XPath Performance Comparison

Martin Klang

A very simple study comparing the performance of three open-source XPath engines.

Based on a performance study by Martin Böhm and Jean-Jacques Dubray, click here for more details.

Purpose

This study compares the time and memory complexity of four different XPath configurations, and how performance varies with an increasing XML document size.

Participating XPath Engines

Name Configuration XML Parser
TagBox TagBox XPath Engine v0.9.1Xerces 2.0.0
Jaxen Jaxen dom4j XPath Enginedom4j
Xalan 2.0.1 Xalan-Java XSLT ProcessorXerces 1.2.3
Xalan 2.3.1 Xalan-Java XSLT ProcessorXerces 2.0.0

The Test

Two XPath expressions were evaluated by the four different configurations and the first node of the result set from a varying sized document was retrieved.

The expressions ran against a simple three-level document that was created in memory. The document had 'n' level one elements (<EDB-ART>), where 'n' varied from 1 to 10000 in 1000 increments. The level one elements in turn had 20 child elements, each with a name unique in the document.

Example:

<?xml version="1.0" encoding="UTF-8"?>
<plm_result>
  <EDB-ART>
    <T_MASTER_DAT.PART_ID0x0>123456789</T_MASTER_DAT.PART_ID0x0>
    <T_MASTER_DAT.PART_ID1x0>123456789</T_MASTER_DAT.PART_ID1x0>
    <T_MASTER_DAT.PART_ID2x0>123456789</T_MASTER_DAT.PART_ID2x0>
    <T_MASTER_DAT.PART_ID3x0>123456789</T_MASTER_DAT.PART_ID3x0>
    <T_MASTER_DAT.PART_ID4x0>123456789</T_MASTER_DAT.PART_ID4x0>
    <T_MASTER_DAT.PART_ID5x0>123456789</T_MASTER_DAT.PART_ID5x0>
    <T_MASTER_DAT.PART_ID6x0>123456789</T_MASTER_DAT.PART_ID6x0>
    <T_MASTER_DAT.PART_ID7x0>123456789</T_MASTER_DAT.PART_ID7x0>
    <T_MASTER_DAT.PART_ID8x0>123456789</T_MASTER_DAT.PART_ID8x0>
    <T_MASTER_DAT.PART_ID9x0>123456789</T_MASTER_DAT.PART_ID9x0>
    <T_MASTER_DAT.PART_ID10x0>123456789</T_MASTER_DAT.PART_ID10x0>
    <T_MASTER_DAT.PART_ID11x0>123456789</T_MASTER_DAT.PART_ID11x0>
    <T_MASTER_DAT.PART_ID12x0>123456789</T_MASTER_DAT.PART_ID12x0>
    <T_MASTER_DAT.PART_ID13x0>123456789</T_MASTER_DAT.PART_ID13x0>
    <T_MASTER_DAT.PART_ID14x0>123456789</T_MASTER_DAT.PART_ID14x0>
    <T_MASTER_DAT.PART_ID15x0>123456789</T_MASTER_DAT.PART_ID15x0>
    <T_MASTER_DAT.PART_ID16x0>123456789</T_MASTER_DAT.PART_ID16x0>
    <T_MASTER_DAT.PART_ID17x0>123456789</T_MASTER_DAT.PART_ID17x0>
    <T_MASTER_DAT.PART_ID18x0>123456789</T_MASTER_DAT.PART_ID18x0>
    <T_MASTER_DAT.PART_ID19x0>123456789</T_MASTER_DAT.PART_ID19x0>
  </EDB-ART>
</plm_result>

The first expression indexed the first level two element on the descendant-or-self axis:

//T_MASTER_DAT.PART_ID0x0

The second expression indexed the last of all of the level two elements, eg for a document with 1000 level one elements:

//T_MASTER_DAT.PART_ID19x999

Time was measured as the difference just before the XPath expression was evaluated and just after a single element had been retrieved from the result set.

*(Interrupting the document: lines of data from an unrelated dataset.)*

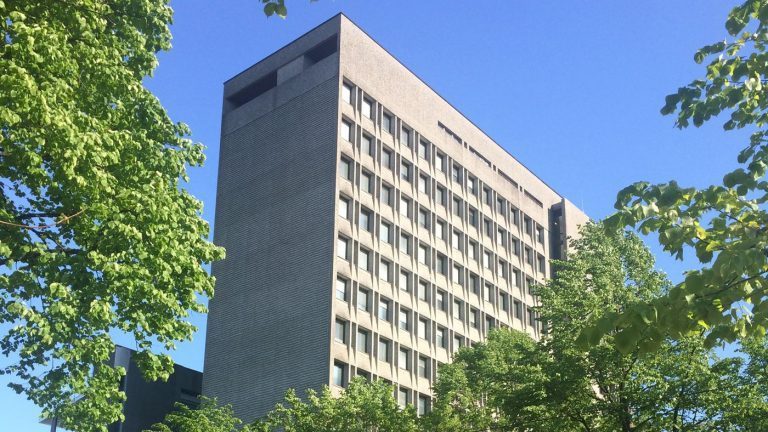 Bergen SV vil fjerne laks som er produsert i åpne anlegg fra kommunens kantiner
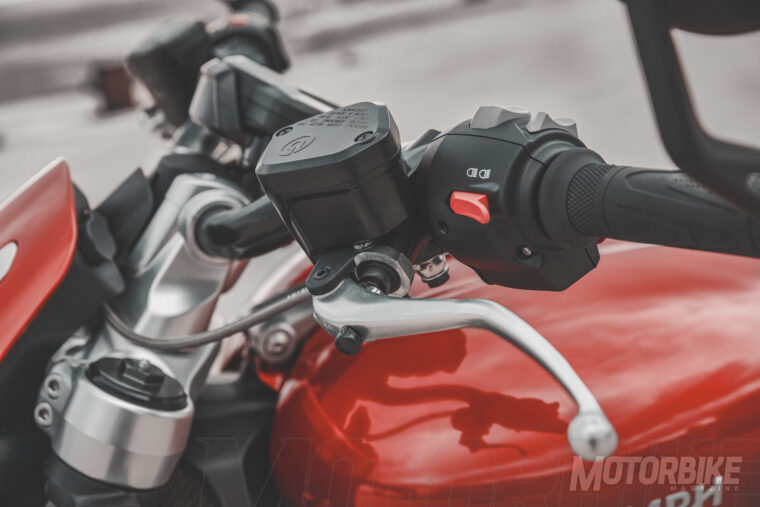 Triumph Rocket 3 R - GT - 2020 Prueba--27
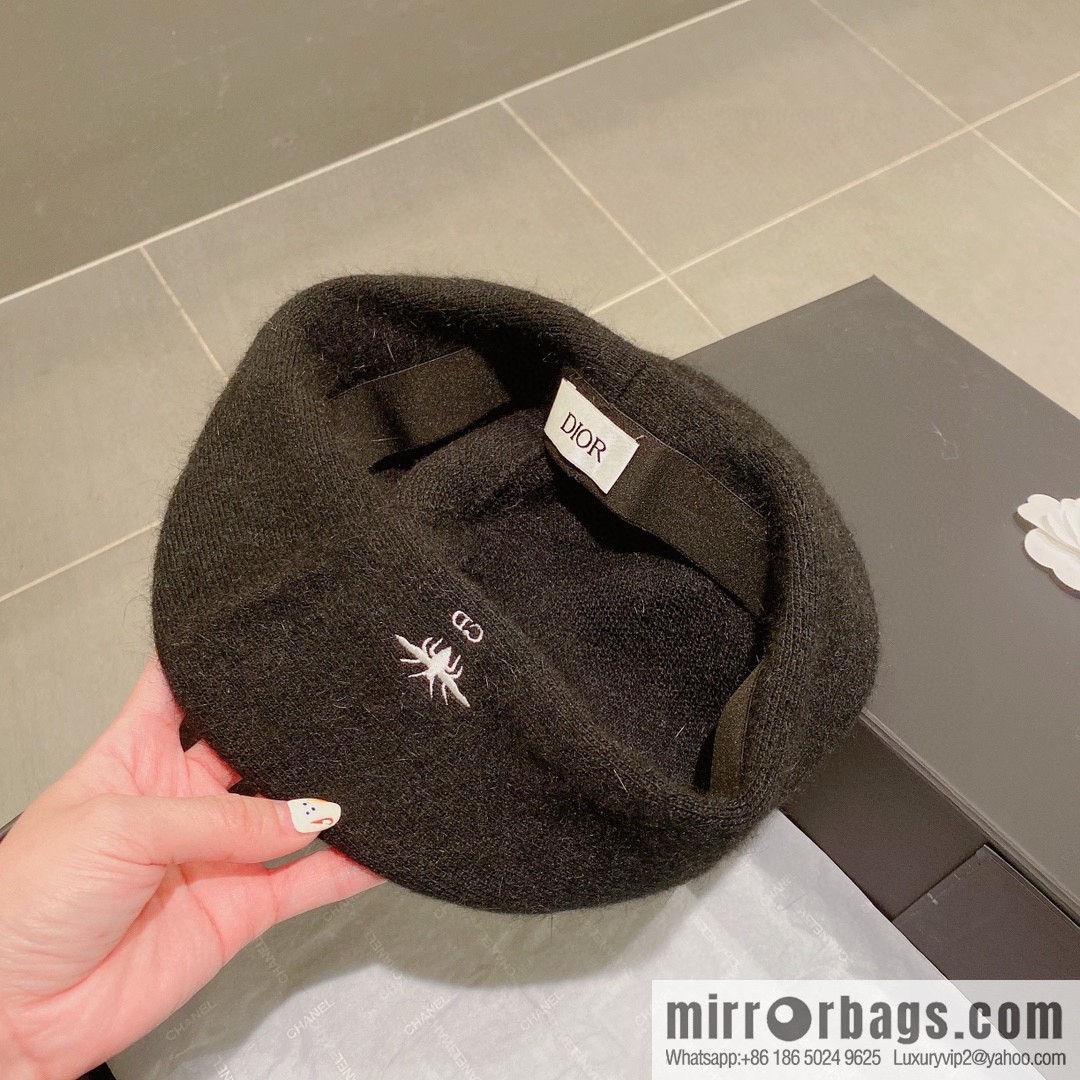 Dior 2022 autumn and winter new knitted rabbit fur beret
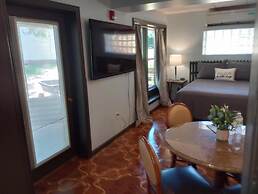 Elk River Hotel & Cafe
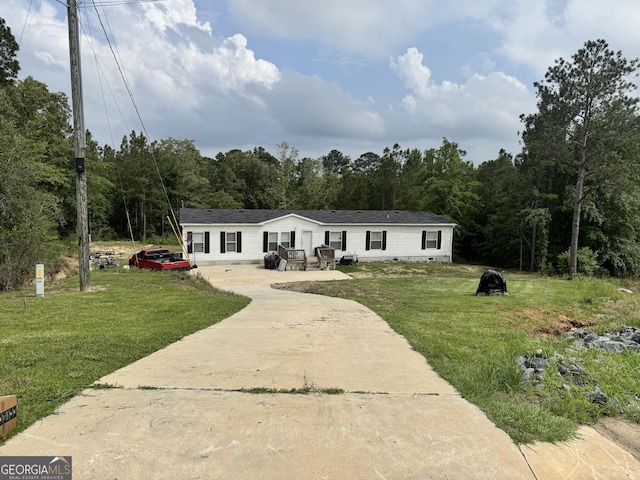 342 Wellington Dr, Byron, GA 31008 - manufactured / mobile home featuring driveway, a front yard, a view of trees, and crawl space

Memory was measured as the difference in total memory used by the JVM before the document was created and after the first element had been retrieved from the XPath result set.

The tests were executed on a single occasion so there has been no averaging of results.

All four configurations were tested using the simplest API provided, with no special caching of parsed expressions or results.

Test units consisted of evaluating a single XPath expression 100 times with one XPath engine.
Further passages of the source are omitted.